Data is gold: the importance of recordings and labelling for AI-infused vision development
Recent publication by Andrew NG * (one of most renamed machine learning and education pioneers) highlights the importance of data for progress in AI. As he explains: “Unlike traditional software, which is powered by code, AI systems are built using both code (including models and algorithms) and data:
AI systems = Code (model/algorithm) + Data”
While historical approaches typically tried to improve the Code (either the model architecture or the algorithm), now we know that “for many practical applications, it’s more effective instead to focus on improving the Data”. Generate bigger and better databases is often the most straightforward way to boost AI results. The so-called “data-centric AI development” is gaining ground. For those who, as we at Sadako technologies, are devoted to generating Neural Networks for vision applications, building high-quality datasets, repeatable and systematic, to ensure excellent, consistent flow of data throughout all stages of a project is a key activity.
Our data generation process has two main steps: the image acquisition and the image labelling.
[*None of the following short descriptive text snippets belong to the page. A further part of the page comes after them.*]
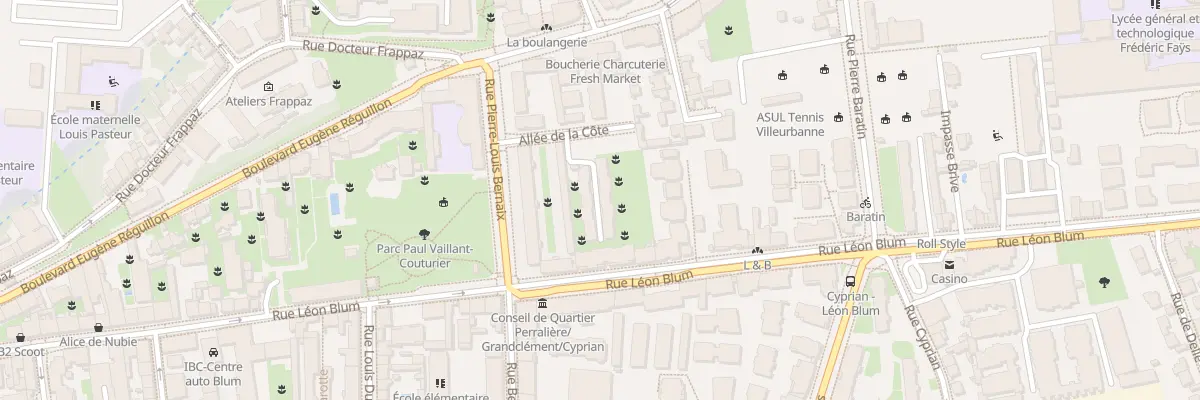 Plan du 44 All de la Côte à Villeurbanne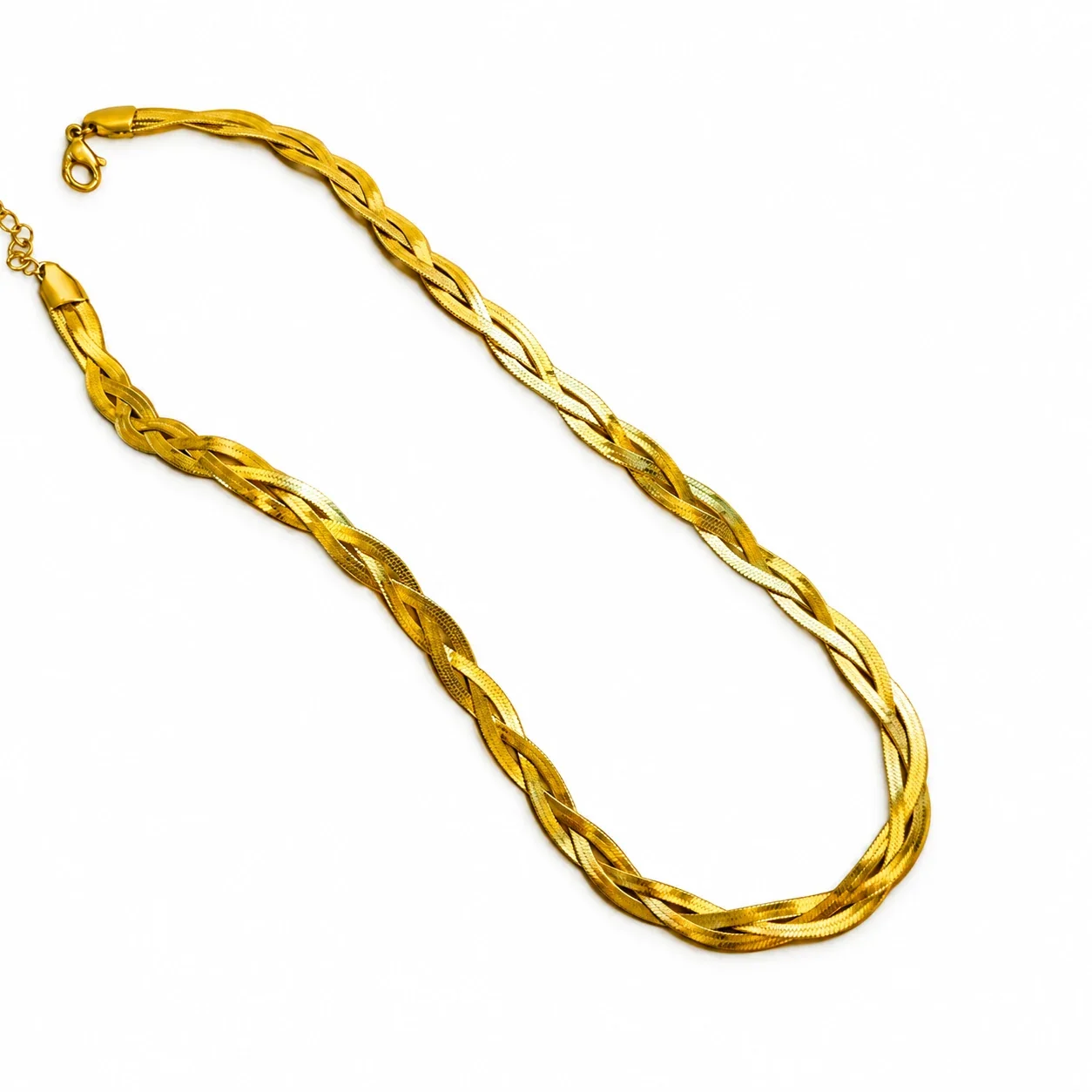 Gevlochten ketting met drie strengen van roestvrij staal productfoto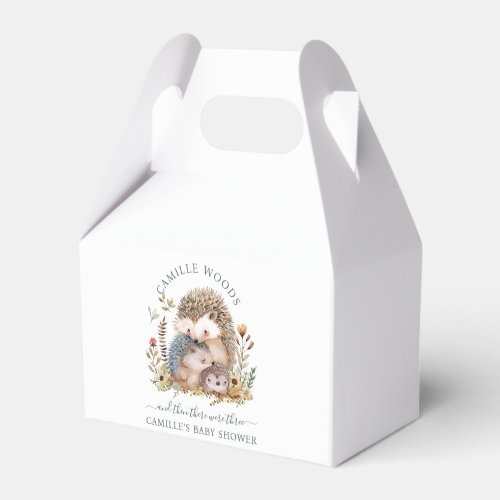 Adorable Hedgehog Family Baby Shower Welcome Favor Boxes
We have carefully taken care of both for the development of the vision systems in the HR-Recycler project, that need to recognize WEEE objects and its components, and human motion and gestures. For image acquisition, we have prepared and performed the following recording campaigns (last one is still ongoing):
-Campaign 1 (organized with CERTH in Ecoreset’s premises)
Figure 1: Images from the July 2019 classification recordings in Ecoreset (left and centre camera)
– Campaign 2 (organized with CERTH in Ecoreset’s premises)
Figure 2: Images from the September 2019 classification recordings in Ecorest
– Campaign 3
Figure 3: Images from the December 2019 classification recordings in Indumetal
Figure 4: Sample images from the December 2019 Indumetal recordings. Time increases in the right-hand direction.
– Campaign 4
Figure 5: Sample images from the March 2020 recordings at Sadako’s premises.
- Campaign 5
Figure 6: Sample images from the June 2021 recordings at Indumetal’s premises.
Special attention was taken to the choice of hardware, as well as replicating environmental conditions (background, lighting) as close as possible to those found in operation. For human motion detection datasets, a special attention has been given to possible gender o race bias in the data collection that could harm the neural network operational performance.
On the labelling side, our internal labelling team, one of most skilled and experienced image labelling teams in the waste domain, with the help of own proprietary labelling tools, has fulfilled the task to generate multiple homogeneous high-quality annotations for the different categories established in WEEE objects and in human motion and gestures.
Accurate recordings and excellent labelling guarantee a smooth algorithm production and is critical for the system to work properly.